Bu konuda tek bir ulus, tek bir inanç istisnadır: Yahudiler ve Yahudilik. Torada ve Tanahta süper kahramanlar bulmak mümkün değildir. Herkes hataya düşebilir ve düşmüştür de. Elbette herkes kendi düzeyinde düşmüştür ama düşmüştür. Tora, Moşe Rabenuyu bile sertçe eleştirmektedir. Tanahta eleştiriden kaçabilmiş tek bir büyük Yahudi yoktur.
Neden? Tanah neden Yahudilere karşı bu kadar acımasızdır?
Cevap basittir. Yahudiler insanüstü varlıklar olmadıklarına göre, kendi tarihlerini kendileri yazmış olsalar, kendi inançlarını kendileri oluşturmuş olsalar, elbette diğer örneklerden hiçbir farkları olmayacak, kitapları süper kahramanlar içerecek, tarihlerinde eleştirilecek hiçbir şey olmayacaktı. Ama böyle değildir. Çünkü bu kitabı onlar yazmamıştır; peygamberlerin sert azarlamalarını onlar kaleme almamıştır. Bir ulusun eksilerini, ancak o ulus hakkında tamamen objektif olan bir Yazar bu kadar açık bir dille ortaya koyabilir: Tanrı.
Toranın tek ve değişmez bir Yazarı vardır. Her şeyi eksileri ve artılarıyla gören, zaten iyi bir şey olan artıların üzerinde çok durmayıp, değişmesi ve düzelmesi gereken eksileri ön plana çıkaran objektif, kimseye ayrıcalık tanımayan, eleştirirken sözünü sakınmayan bir Yazardır Tanrı. İşte bu yüzden Torada büyük insanlar vardır; ama her yönüyle mükemmel kahramanlar yoktur.
O zaman akla bir soru gelecektir.
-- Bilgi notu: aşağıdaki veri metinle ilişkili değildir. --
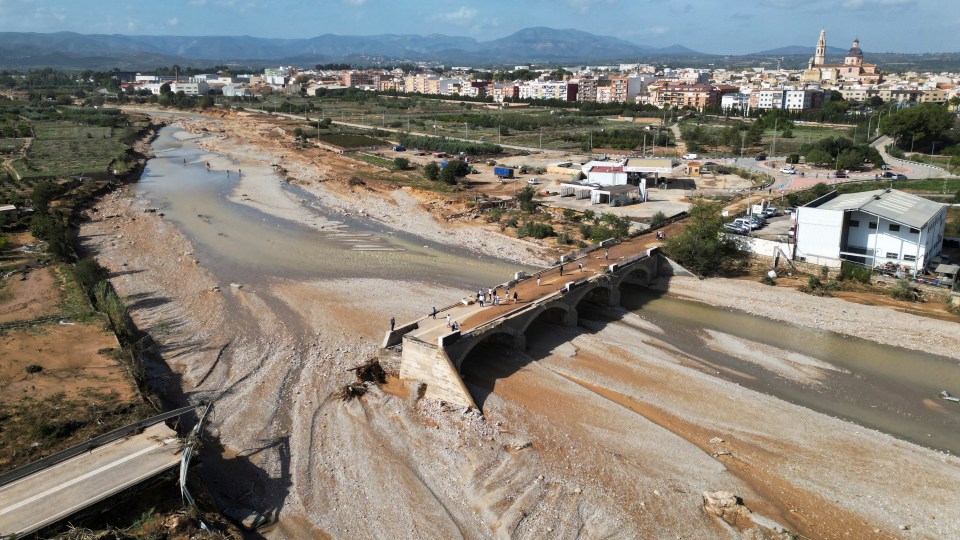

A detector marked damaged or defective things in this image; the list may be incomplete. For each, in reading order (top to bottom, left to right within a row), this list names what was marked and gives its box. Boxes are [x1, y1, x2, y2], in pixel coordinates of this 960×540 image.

damaged stone bridge [382, 247, 684, 408]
Madem kimse hatasız değil, büyük insanları büyük yapan nedir? Bunun cevabını, Kral Şelomo, Mişle kitabında vermektedir: Ki Şeva Yipol Tsadik, Vakam Çünkü Yedi Kez Düşer Tsadik, Ve Kalkar (Mişle 24:16). Bir insanı tsadik ve büyük insan yapan şey hiç düşmemesi değildir zira böyle bir şey mümkün değildir. Onu büyük yapan, çok kez düşse bile, düştüğünde kalkmayı, yükselmeyi bilmesidir.
İnsan hayatı sürekli yükselen bir grafik değildir. Her gün, her saat, her saniye, insan sınavdan geçmektedir. Sınavların büyüklüğü kişiye göre değişiklik gösterir. Fakir bir kişinin sınavıyla, zengin bir kişinin sınavı aynı değildir. Bunun gibi her insan kendi düzeyine göre sınava tabi tutulur. Sınavların amacı onu daha iyi biri haline getirmektir. Bazen başarılı olmayabilir. Hataya düşebilir. Hatta beklemediği kadar büyük bir düşüş yaşayabilir. Eğer o düşüşten toparlanmayı başarıyor ve tekrar yükselmeye, Tanrıya daha çok bağlanmaya, daha çok mitsvayı aktif olarak yerine getirmeye başlıyorsa, yaptığı hatayı olumlu bir ders vesilesi olarak görüp, yükseklere ulaşmak için bir sıçrama tahtası haline getirebiliyorsa işte o kişi büyük bir insan olabilir.
Mısırdan çıkan nesil, gerçekten büyük ve kutsal insanlardır. Ancak birer insandırlar. Hem de çok zorlu bir geçmişten gelen insanlardırlar.
Bize düşen görev, kendimize Tanahtaki büyük insanların büyüklüklerini, düşseler bile kalkma yeteneklerini örnek almaktır. Zira onların düşüşlerinden bahsedilmesinin tek verimli amacı budur.
Günümüzde, 2000 yıllık sürgün boyunca belki de en rahat ve hoşgörülü ortamda yaşamaktayız. Tanrı bize, 2000 yıl boyunca hiçbir neslin sahip olmadığı fırsatlar tanımıştır. Esas soru, bugün, Yahudi yaşamımızda ve toplumumuzda bu fırsatı nasıl değerlendireceğimiz konusudur.